I’ve used this to create maps of normalized document ids from two different collections to de-dup,
Where the ids SHOULD be uniq within a collection, but actually aren’t, or are missing. 

https://www.w3.org/TR/xpath-functions-31/#func-map-merge

( Next step was to split the uniq and non-uniq ones to handle separately. ) 

declare variable $OAI := map:merge( for $d in $ORG_OAI 
  return map:entry( local:normalize( local:unitid($d )), $d ), map{'duplicates':'combine'}); 
declare variable $VH := map:merge( for $d in $ORG_VH
  return map:entry( local:normalize( local:unitid($d )), $d ), map{'duplicates':'combine'});


However, after discussion on this list about SQL join equivalents, I discovered I could do something almost equivalent with a for/join, and that full text search tokenization gives me a similar way of normalizing IDs: 


for $VH in collection( $R($ORG)('vh'))/ead/archdesc/did/unitid, 
                $OAI in collection( $R($ORG)('oai'))/ead/archdesc/did/unitid[ . contains text  {string($VH)}]
       order by $VH


I think the map version may be a bit faster, but I haven’t actually measured 
And they are doing things a bit differently, as I’m not removing the internal duplicates,
But using the order by to group multiple matches together to make it visible in the report. 

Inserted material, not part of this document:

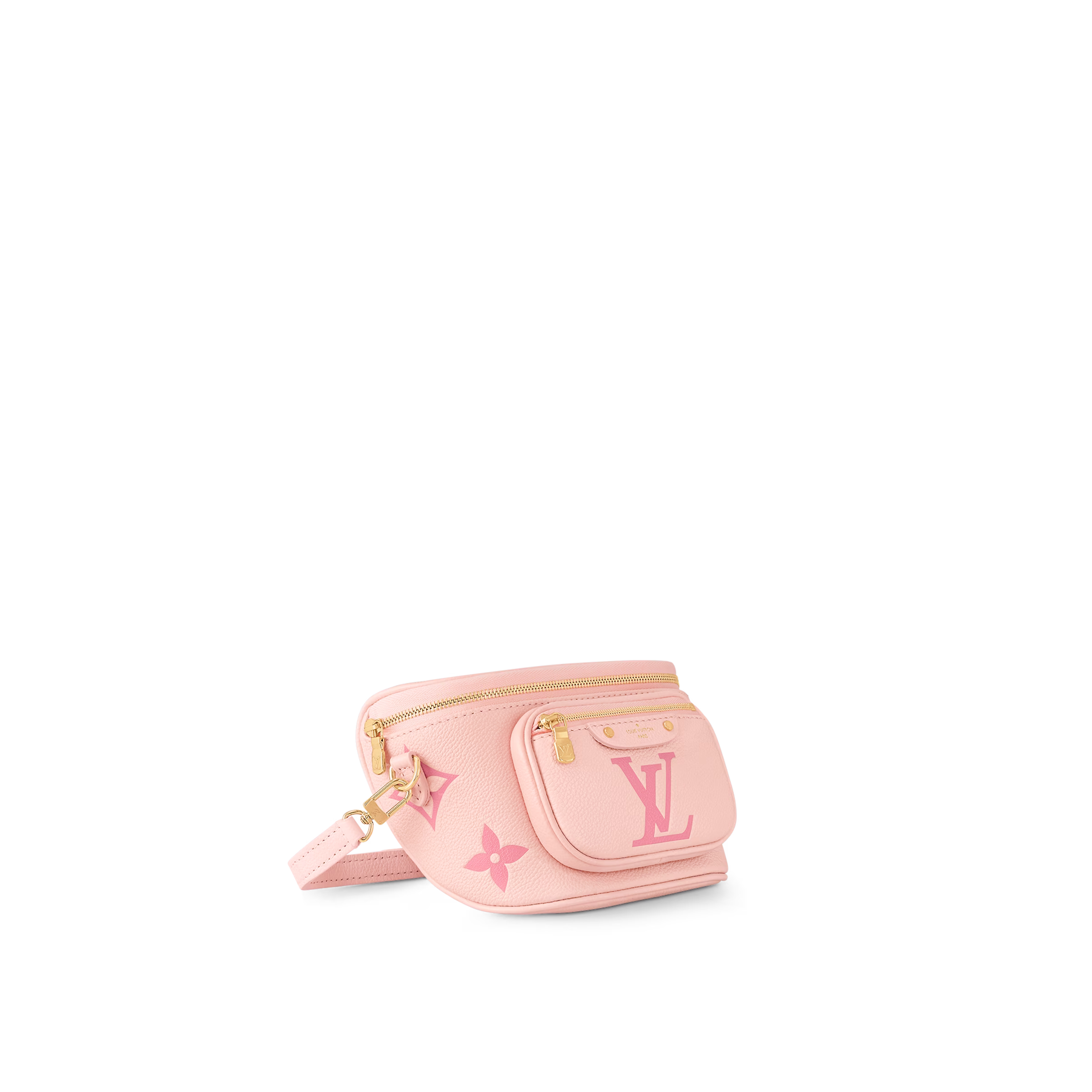 Mini sac banane LV M82347 - luxuryevafr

I would also note that dealing with messy data, often with hidden encoding errors in documents,
Is the reason I was asking in a previous thread about using the result of one script as context 
for other queries. Sometimes this ends up being a rather exploratory process, so that has come
in very handy. 

— Steve M.


On May 25, 2022, at 12:13 PM, Hans-Juergen Rennau <hrennau@yahoo.de> wrote:

Hi Markus,

although I do not quite understand your description (why should I care for the representation of the map I construct?), it may be that one piece of information is useful to you, as it is not obvious from the spec: it's about how to construct a map dynamically, that is, 

(1) when the keys are not known beforehand, 
(2) and/or when the entry values are assigned in "iterations" of a FLWOR expression

(Especially (2) might be what puzzles you.)

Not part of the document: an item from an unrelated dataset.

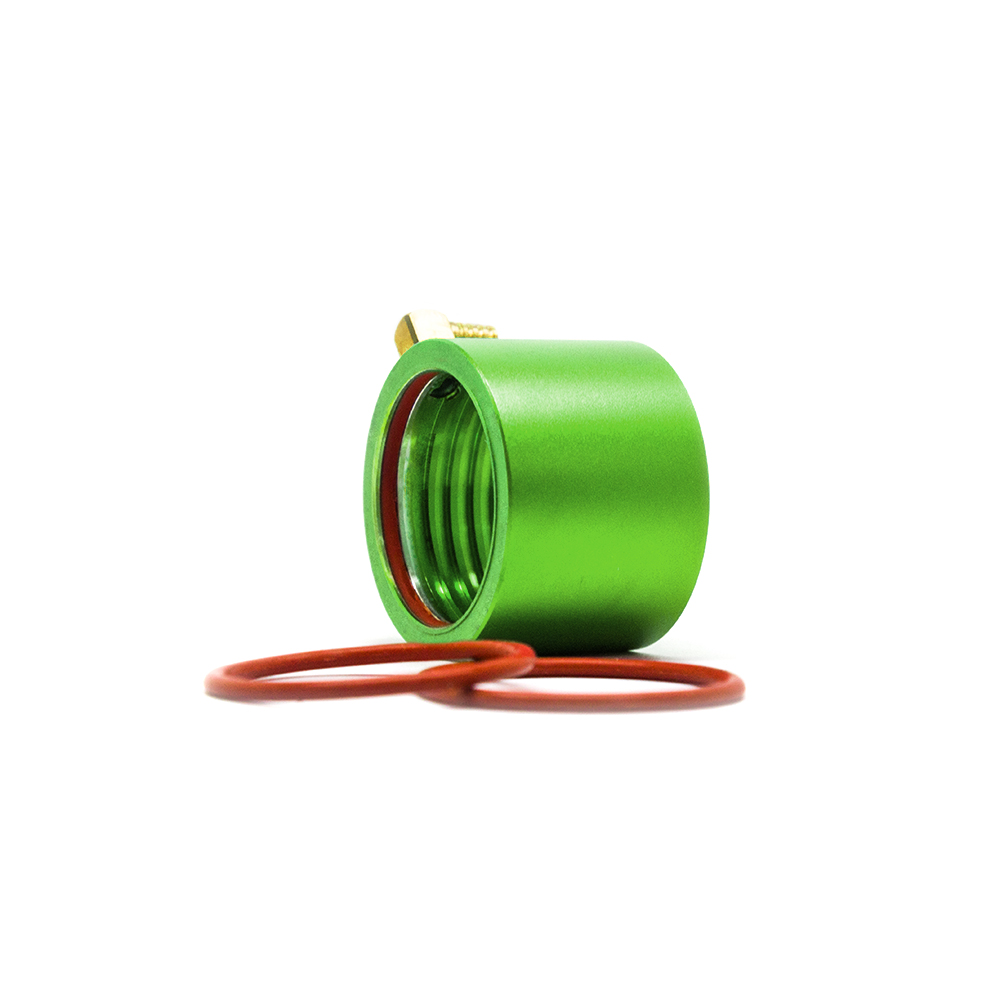 Xtw 2825g (3)(1000)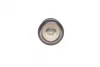 Опора кульова (передня/знизу) Mitsubishi Carisma/Space Star 95-06 MEYLE 32-16 010 0002 (фото 3)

(1) and (2) can't be accomplished when using the map constructor expression, like this: basex "map{'x':1, 'y': false()}" 

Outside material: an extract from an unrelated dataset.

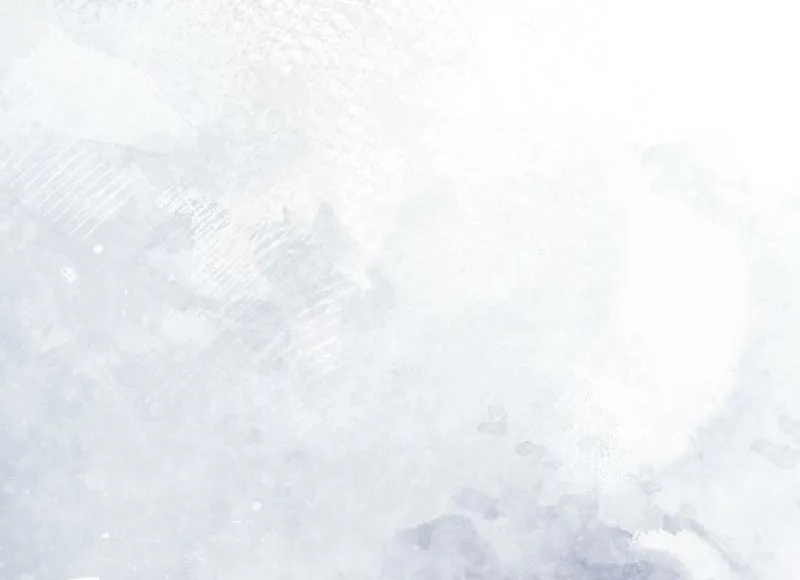 Chapter 1 - Image 94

The trick consists of using a combination of the functions map:merge() [1] and map:entry() [2].

So summarize, the code constructing the map entries is the argument of function map:merge().This code may for example be (most often is) a FLWOR expression. In this code, each entry is constructed by a call of function map:entry(). For a tiny example see below.

Kind regards,
Hans-Jürgen

PS: Tiny example demonstrating the construction of maps via map:merge() & map:entry().

(: Creates a map with one entry for each element name
   encountered in the input document. The entry value
   is the number of elements with that name. As the
   map keys are not known in advance, map:merge() is
   used.
 :)
map:merge(
    for $elem in //*
    group by $name := $elem/local-name(.)
    return map:entry($name, count($elem))
)







Am Mittwoch, 25. Mai 2022, 16:59:48 MESZ hat Markus Elfring <markus.elfring@web.de> Folgendes geschrieben:


Hello,

I would like to construct a map structure based on a dynamic selection by
the means of a FLWOR expression.

The keys and associated values should be presented as a CSV-like file by
a subsequent data processing step.

Can it become easier to find existing XQuery script examples for such an use case?